* Task *
Please provide the entries below again, word for word.
Extracted information Block Start
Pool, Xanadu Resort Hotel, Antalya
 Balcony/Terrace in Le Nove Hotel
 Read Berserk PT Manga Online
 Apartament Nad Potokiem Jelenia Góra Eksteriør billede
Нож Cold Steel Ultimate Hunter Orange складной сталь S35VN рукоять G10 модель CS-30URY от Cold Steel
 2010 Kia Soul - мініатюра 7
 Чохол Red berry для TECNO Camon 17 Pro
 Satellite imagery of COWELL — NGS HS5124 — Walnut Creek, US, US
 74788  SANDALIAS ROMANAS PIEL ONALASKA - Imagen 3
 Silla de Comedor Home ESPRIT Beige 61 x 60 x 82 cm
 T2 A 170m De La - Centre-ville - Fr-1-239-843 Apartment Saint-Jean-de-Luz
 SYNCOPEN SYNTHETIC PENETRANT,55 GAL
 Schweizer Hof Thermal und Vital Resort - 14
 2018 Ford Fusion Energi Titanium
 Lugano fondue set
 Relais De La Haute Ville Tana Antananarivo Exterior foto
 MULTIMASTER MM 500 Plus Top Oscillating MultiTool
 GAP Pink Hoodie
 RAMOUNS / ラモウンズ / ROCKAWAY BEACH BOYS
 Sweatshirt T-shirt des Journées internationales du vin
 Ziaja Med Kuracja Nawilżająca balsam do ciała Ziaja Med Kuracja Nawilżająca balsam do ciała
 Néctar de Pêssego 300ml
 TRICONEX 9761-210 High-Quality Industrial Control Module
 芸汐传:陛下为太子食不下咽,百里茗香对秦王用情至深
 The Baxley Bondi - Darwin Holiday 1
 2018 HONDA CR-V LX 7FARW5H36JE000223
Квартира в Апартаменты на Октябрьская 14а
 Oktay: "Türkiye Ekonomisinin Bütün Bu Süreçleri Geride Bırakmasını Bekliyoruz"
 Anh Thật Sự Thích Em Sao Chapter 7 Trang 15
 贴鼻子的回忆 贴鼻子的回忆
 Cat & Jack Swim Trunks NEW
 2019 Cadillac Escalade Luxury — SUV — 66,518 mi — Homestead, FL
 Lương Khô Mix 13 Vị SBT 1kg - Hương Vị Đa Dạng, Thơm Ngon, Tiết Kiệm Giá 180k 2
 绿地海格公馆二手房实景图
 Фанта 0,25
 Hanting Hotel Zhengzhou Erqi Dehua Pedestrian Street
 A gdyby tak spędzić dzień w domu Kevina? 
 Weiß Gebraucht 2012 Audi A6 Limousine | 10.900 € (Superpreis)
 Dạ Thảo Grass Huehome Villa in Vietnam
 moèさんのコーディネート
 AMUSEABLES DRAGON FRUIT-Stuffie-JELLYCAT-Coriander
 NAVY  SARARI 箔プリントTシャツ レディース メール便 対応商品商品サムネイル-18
Extracted information Block End
* Solution below *
Pool, Xanadu Resort Hotel, Antalya
 Balcony/Terrace in Le Nove Hotel
 Read Berserk PT Manga Online
 Apartament Nad Potokiem Jelenia Góra Eksteriør billede
Нож Cold Steel Ultimate Hunter Orange складной сталь S35VN рукоять G10 модель CS-30URY от Cold Steel
 2010 Kia Soul - мініатюра 7
 Чохол Red berry для TECNO Camon 17 Pro
 Satellite imagery of COWELL — NGS HS5124 — Walnut Creek, US, US
 74788  SANDALIAS ROMANAS PIEL ONALASKA - Imagen 3
 Silla de Comedor Home ESPRIT Beige 61 x 60 x 82 cm
 T2 A 170m De La - Centre-ville - Fr-1-239-843 Apartment Saint-Jean-de-Luz
 SYNCOPEN SYNTHETIC PENETRANT,55 GAL
 Schweizer Hof Thermal und Vital Resort - 14
 2018 Ford Fusion Energi Titanium
 Lugano fondue set
 Relais De La Haute Ville Tana Antananarivo Exterior foto
 MULTIMASTER MM 500 Plus Top Oscillating MultiTool
 GAP Pink Hoodie
 RAMOUNS / ラモウンズ / ROCKAWAY BEACH BOYS
 Sweatshirt T-shirt des Journées internationales du vin
 Ziaja Med Kuracja Nawilżająca balsam do ciała Ziaja Med Kuracja Nawilżająca balsam do ciała
 Néctar de Pêssego 300ml
 TRICONEX 9761-210 High-Quality Industrial Control Module
 芸汐传:陛下为太子食不下咽,百里茗香对秦王用情至深
 The Baxley Bondi - Darwin Holiday 1
 2018 HONDA CR-V LX 7FARW5H36JE000223
Квартира в Апартаменты на Октябрьская 14а
 Oktay: "Türkiye Ekonomisinin Bütün Bu Süreçleri Geride Bırakmasını Bekliyoruz"
 Anh Thật Sự Thích Em Sao Chapter 7 Trang 15
 贴鼻子的回忆 贴鼻子的回忆
 Cat & Jack Swim Trunks NEW
 2019 Cadillac Escalade Luxury — SUV — 66,518 mi — Homestead, FL
 Lương Khô Mix 13 Vị SBT 1kg - Hương Vị Đa Dạng, Thơm Ngon, Tiết Kiệm Giá 180k 2
 绿地海格公馆二手房实景图
 Фанта 0,25
 Hanting Hotel Zhengzhou Erqi Dehua Pedestrian Street
 A gdyby tak spędzić dzień w domu Kevina? 
 Weiß Gebraucht 2012 Audi A6 Limousine | 10.900 € (Superpreis)
 Dạ Thảo Grass Huehome Villa in Vietnam
 moèさんのコーディネート
 AMUSEABLES DRAGON FRUIT-Stuffie-JELLYCAT-Coriander
 NAVY  SARARI 箔プリントTシャツ レディース メール便 対応商品商品サムネイル-18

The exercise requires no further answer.